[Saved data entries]
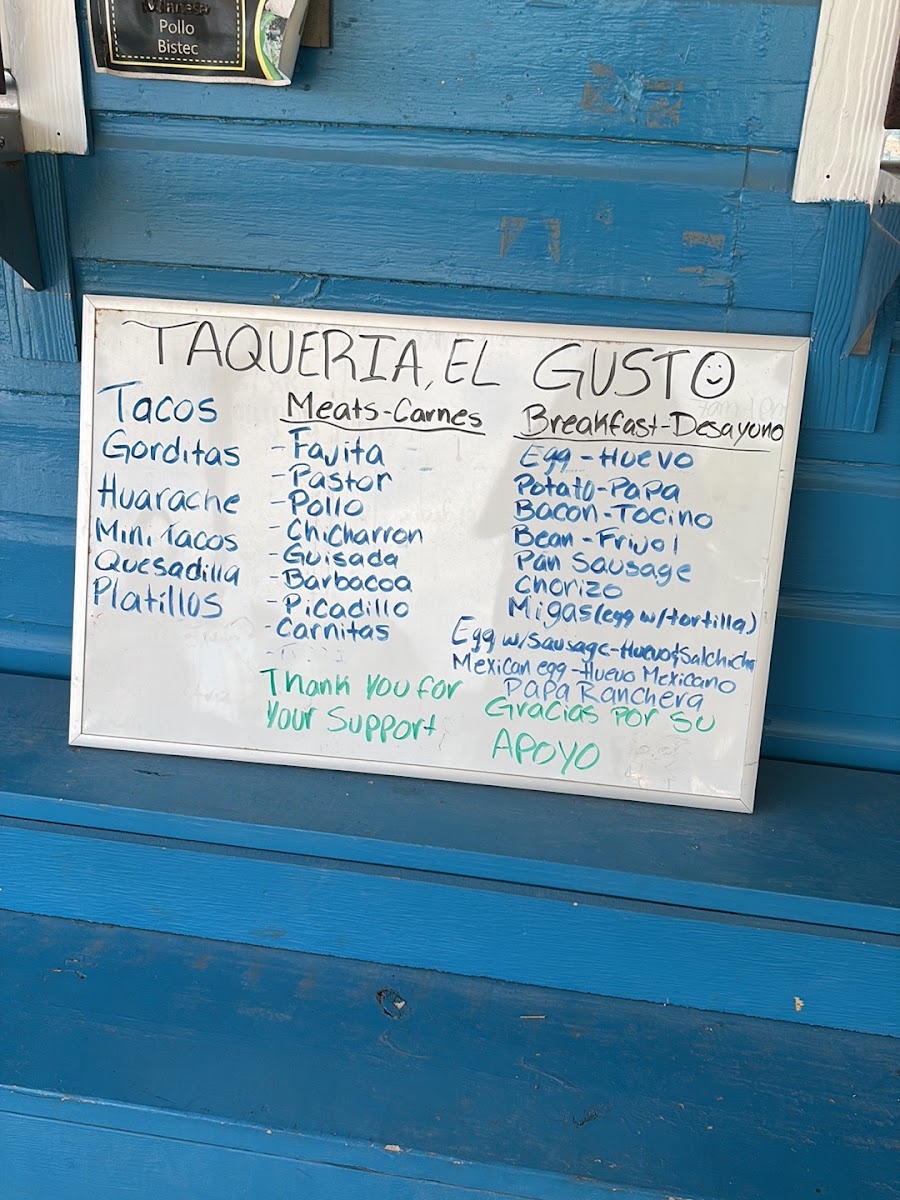Taqueria El Gusto menu board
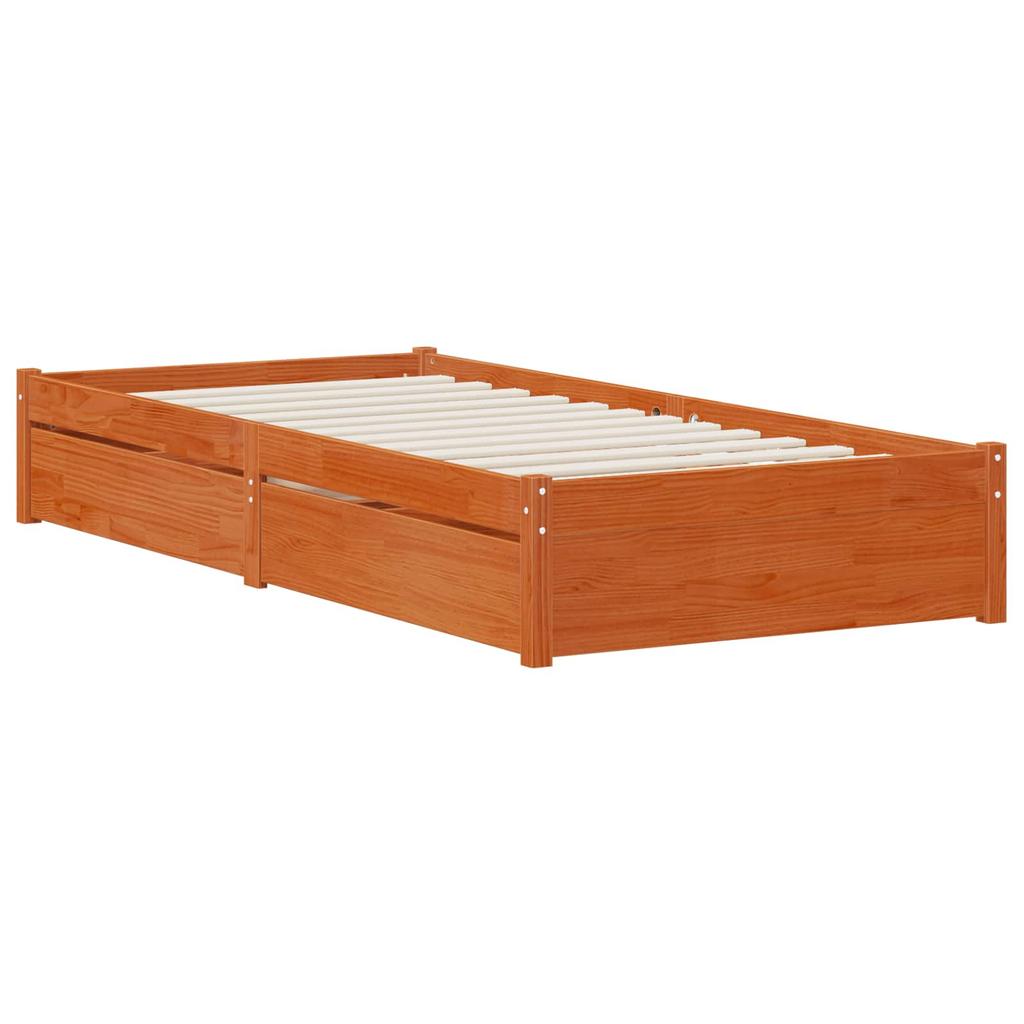 Bed Frame with Drawers 3 pcs Wax Brown Pine Wood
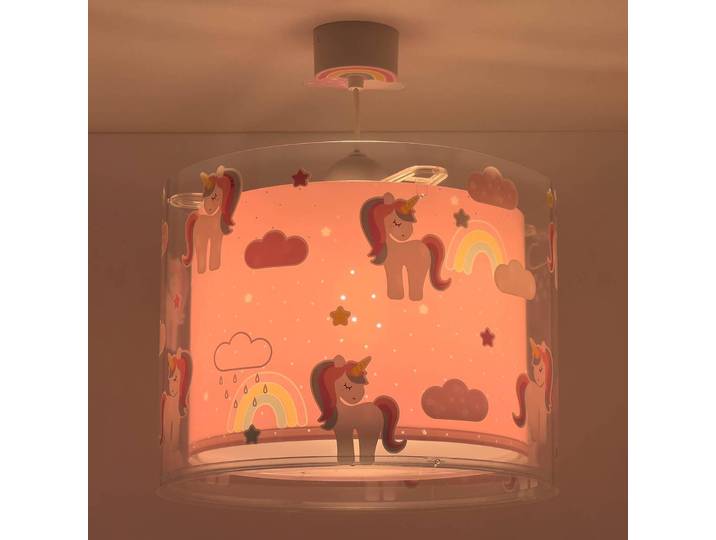 Kinderkamer hanglamp UNICORNS, dimbaar, paars / roze / rose, Kinderkamer, Kunststof, hanglamp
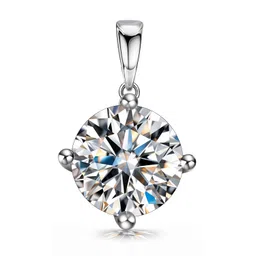 highspark Silver Solitaire Pendant| 92.5 Sterling Silver & Diamond Like Brilliance Sparkling Zirconia for that Stunning Shine | Lovely Gift - Silver 8mm image 1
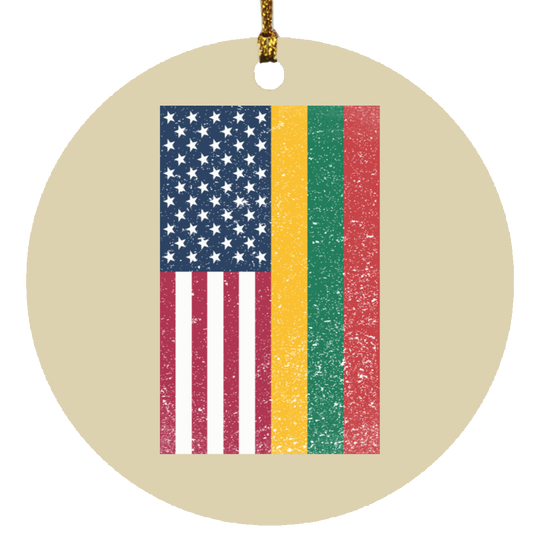 USA Lithuania Flag - MDF Circle Ornament - Lithuania Strong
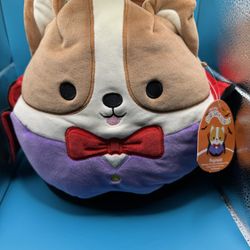 NWT! Squishmallows Reginald Vampire Corgi Treat Pail Ultra soft Official Plush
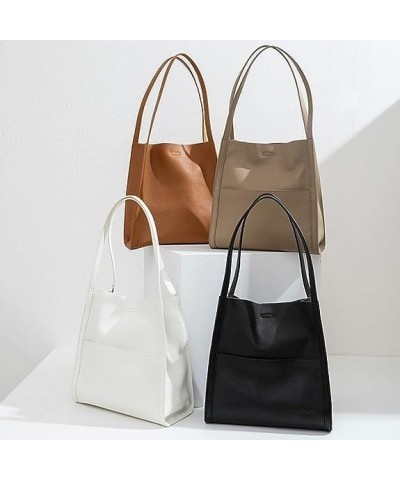 Women Solid Color Simple Genuine Leather Shoulder Bag, Ladies Waterproof Large Capacity Leather Handbags Grey $33.60 Totes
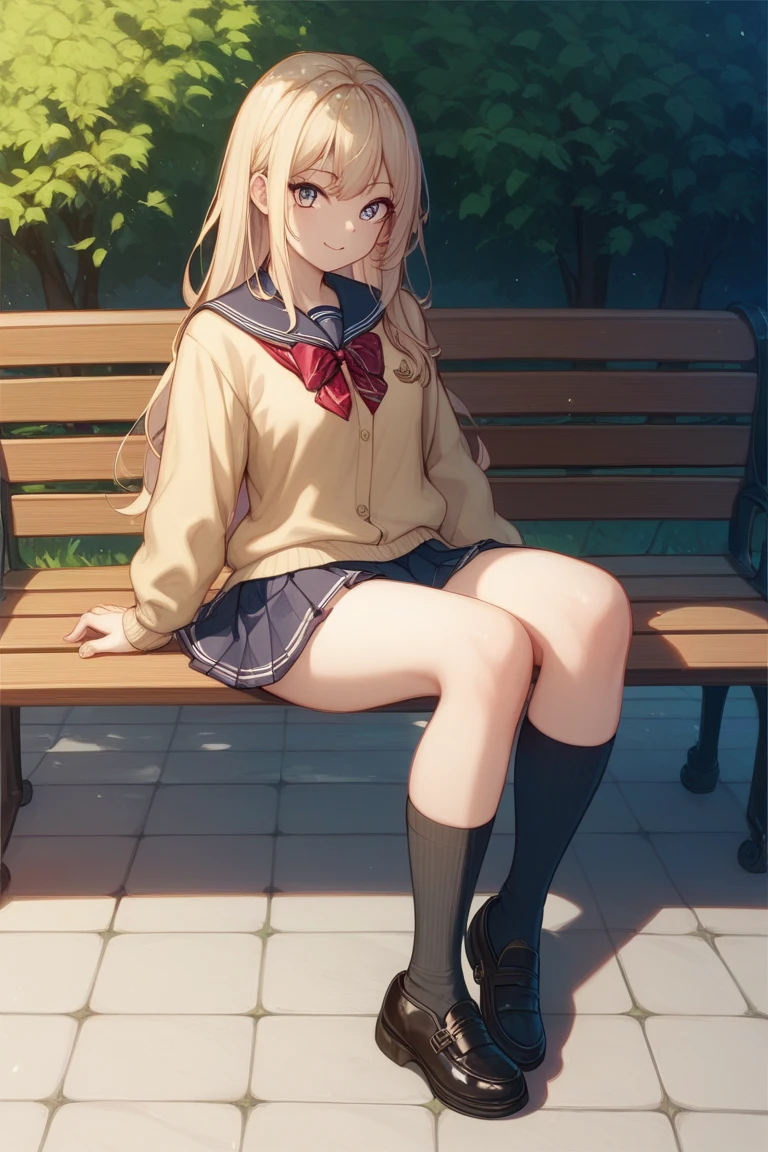 at a park bench, shaded spot, scenic view, relaxation, 1girl, def1, medium breasts, office outfit, white shirt, black skirt, heels, <lora:echidna2:1.0>, <lora:add_detail:0.3>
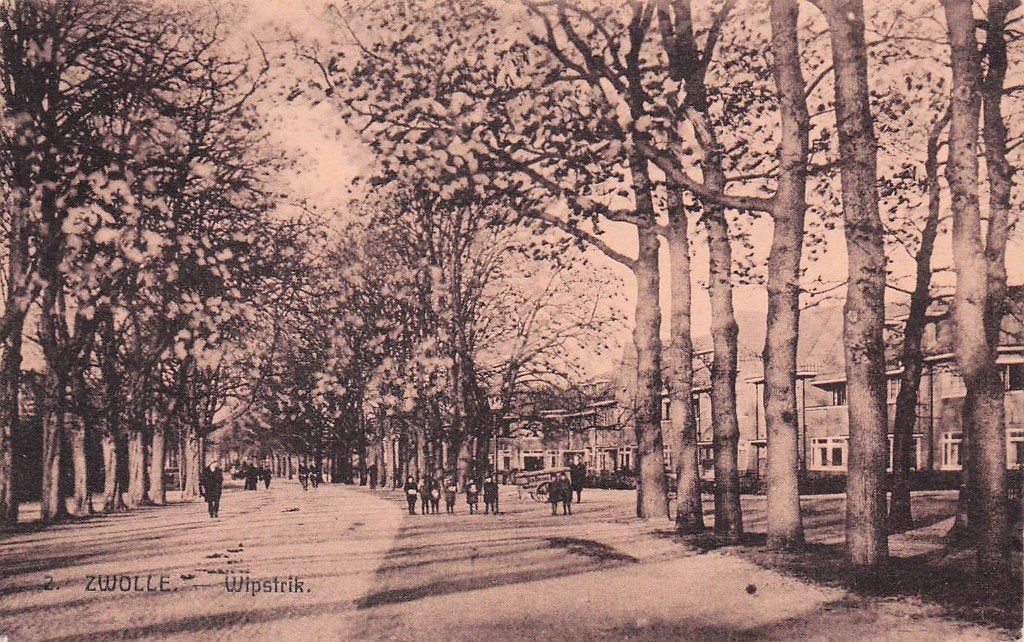 Zwolle - Wipstrik met veel mensen (1934?), Ophalen of Verzenden, 1920 tot 1940, Gelopen, Overijssel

◆ Brief
In the answer, the lines from the one containing "Kinderkamer hanglamp UNICORNS, dimbaar, paars" to the end of the records above must be written out exactly, both ends included; the pictures must not appear.

◆ Result
 Kinderkamer hanglamp UNICORNS, dimbaar, paars / roze / rose, Kinderkamer, Kunststof, hanglamp
 highspark Silver Solitaire Pendant| 92.5 Sterling Silver & Diamond Like Brilliance Sparkling Zirconia for that Stunning Shine | Lovely Gift - Silver 8mm image 1
 USA Lithuania Flag - MDF Circle Ornament - Lithuania Strong
 NWT! Squishmallows Reginald Vampire Corgi Treat Pail Ultra soft Official Plush
 Women Solid Color Simple Genuine Leather Shoulder Bag, Ladies Waterproof Large Capacity Leather Handbags Grey $33.60 Totes
 at a park bench, shaded spot, scenic view, relaxation, 1girl, def1, medium breasts, office outfit, white shirt, black skirt, heels, <lora:echidna2:1.0>, <lora:add_detail:0.3>
 Zwolle - Wipstrik met veel mensen (1934?), Ophalen of Verzenden, 1920 tot 1940, Gelopen, Overijssel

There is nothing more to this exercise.